#### [What you will do]
Character for character, reproduce every entry below.

== Segment start ==

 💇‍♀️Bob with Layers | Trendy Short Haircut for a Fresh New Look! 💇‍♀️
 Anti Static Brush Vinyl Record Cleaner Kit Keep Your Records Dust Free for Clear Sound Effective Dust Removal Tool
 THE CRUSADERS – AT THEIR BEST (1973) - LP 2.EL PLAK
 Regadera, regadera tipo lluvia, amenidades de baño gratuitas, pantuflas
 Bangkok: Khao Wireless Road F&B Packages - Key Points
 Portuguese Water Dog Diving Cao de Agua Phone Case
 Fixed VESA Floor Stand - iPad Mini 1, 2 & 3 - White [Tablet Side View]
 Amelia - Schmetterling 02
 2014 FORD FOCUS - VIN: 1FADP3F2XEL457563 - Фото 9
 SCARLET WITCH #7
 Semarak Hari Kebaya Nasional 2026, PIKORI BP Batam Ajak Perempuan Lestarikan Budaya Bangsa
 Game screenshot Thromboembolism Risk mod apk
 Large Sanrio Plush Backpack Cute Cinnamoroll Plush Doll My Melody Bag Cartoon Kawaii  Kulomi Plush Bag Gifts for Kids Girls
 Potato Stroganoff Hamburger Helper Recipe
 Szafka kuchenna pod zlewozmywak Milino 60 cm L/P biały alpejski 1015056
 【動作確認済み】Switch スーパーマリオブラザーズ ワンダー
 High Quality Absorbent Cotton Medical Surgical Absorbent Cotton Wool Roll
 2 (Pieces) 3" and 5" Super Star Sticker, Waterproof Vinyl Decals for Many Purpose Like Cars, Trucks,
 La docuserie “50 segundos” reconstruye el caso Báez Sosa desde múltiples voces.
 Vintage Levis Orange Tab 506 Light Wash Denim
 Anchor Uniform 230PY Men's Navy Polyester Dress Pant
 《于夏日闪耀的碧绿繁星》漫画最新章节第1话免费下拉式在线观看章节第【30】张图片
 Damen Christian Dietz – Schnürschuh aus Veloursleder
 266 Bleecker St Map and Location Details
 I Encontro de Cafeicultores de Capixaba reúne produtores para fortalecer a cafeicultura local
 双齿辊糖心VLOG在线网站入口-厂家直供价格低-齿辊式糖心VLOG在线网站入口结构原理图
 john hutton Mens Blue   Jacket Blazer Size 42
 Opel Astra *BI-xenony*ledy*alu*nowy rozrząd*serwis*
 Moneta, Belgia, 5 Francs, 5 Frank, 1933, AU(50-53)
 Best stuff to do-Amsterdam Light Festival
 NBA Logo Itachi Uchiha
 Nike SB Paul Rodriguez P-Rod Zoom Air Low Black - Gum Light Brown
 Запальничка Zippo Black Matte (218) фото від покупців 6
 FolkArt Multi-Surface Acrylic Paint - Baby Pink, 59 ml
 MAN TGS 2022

== Segment end ==

#### [Expected answer]
 💇‍♀️Bob with Layers | Trendy Short Haircut for a Fresh New Look! 💇‍♀️
 Anti Static Brush Vinyl Record Cleaner Kit Keep Your Records Dust Free for Clear Sound Effective Dust Removal Tool
 THE CRUSADERS – AT THEIR BEST (1973) - LP 2.EL PLAK
 Regadera, regadera tipo lluvia, amenidades de baño gratuitas, pantuflas
 Bangkok: Khao Wireless Road F&B Packages - Key Points
 Portuguese Water Dog Diving Cao de Agua Phone Case
 Fixed VESA Floor Stand - iPad Mini 1, 2 & 3 - White [Tablet Side View]
 Amelia - Schmetterling 02
 2014 FORD FOCUS - VIN: 1FADP3F2XEL457563 - Фото 9
 SCARLET WITCH #7
 Semarak Hari Kebaya Nasional 2026, PIKORI BP Batam Ajak Perempuan Lestarikan Budaya Bangsa
 Game screenshot Thromboembolism Risk mod apk
 Large Sanrio Plush Backpack Cute Cinnamoroll Plush Doll My Melody Bag Cartoon Kawaii  Kulomi Plush Bag Gifts for Kids Girls
 Potato Stroganoff Hamburger Helper Recipe
 Szafka kuchenna pod zlewozmywak Milino 60 cm L/P biały alpejski 1015056
 【動作確認済み】Switch スーパーマリオブラザーズ ワンダー
 High Quality Absorbent Cotton Medical Surgical Absorbent Cotton Wool Roll
 2 (Pieces) 3" and 5" Super Star Sticker, Waterproof Vinyl Decals for Many Purpose Like Cars, Trucks,
 La docuserie “50 segundos” reconstruye el caso Báez Sosa desde múltiples voces.
 Vintage Levis Orange Tab 506 Light Wash Denim
 Anchor Uniform 230PY Men's Navy Polyester Dress Pant
 《于夏日闪耀的碧绿繁星》漫画最新章节第1话免费下拉式在线观看章节第【30】张图片
 Damen Christian Dietz – Schnürschuh aus Veloursleder
 266 Bleecker St Map and Location Details
 I Encontro de Cafeicultores de Capixaba reúne produtores para fortalecer a cafeicultura local
 双齿辊糖心VLOG在线网站入口-厂家直供价格低-齿辊式糖心VLOG在线网站入口结构原理图
 john hutton Mens Blue   Jacket Blazer Size 42
 Opel Astra *BI-xenony*ledy*alu*nowy rozrząd*serwis*
 Moneta, Belgia, 5 Francs, 5 Frank, 1933, AU(50-53)
 Best stuff to do-Amsterdam Light Festival
 NBA Logo Itachi Uchiha
 Nike SB Paul Rodriguez P-Rod Zoom Air Low Black - Gum Light Brown
 Запальничка Zippo Black Matte (218) фото від покупців 6
 FolkArt Multi-Surface Acrylic Paint - Baby Pink, 59 ml
 MAN TGS 2022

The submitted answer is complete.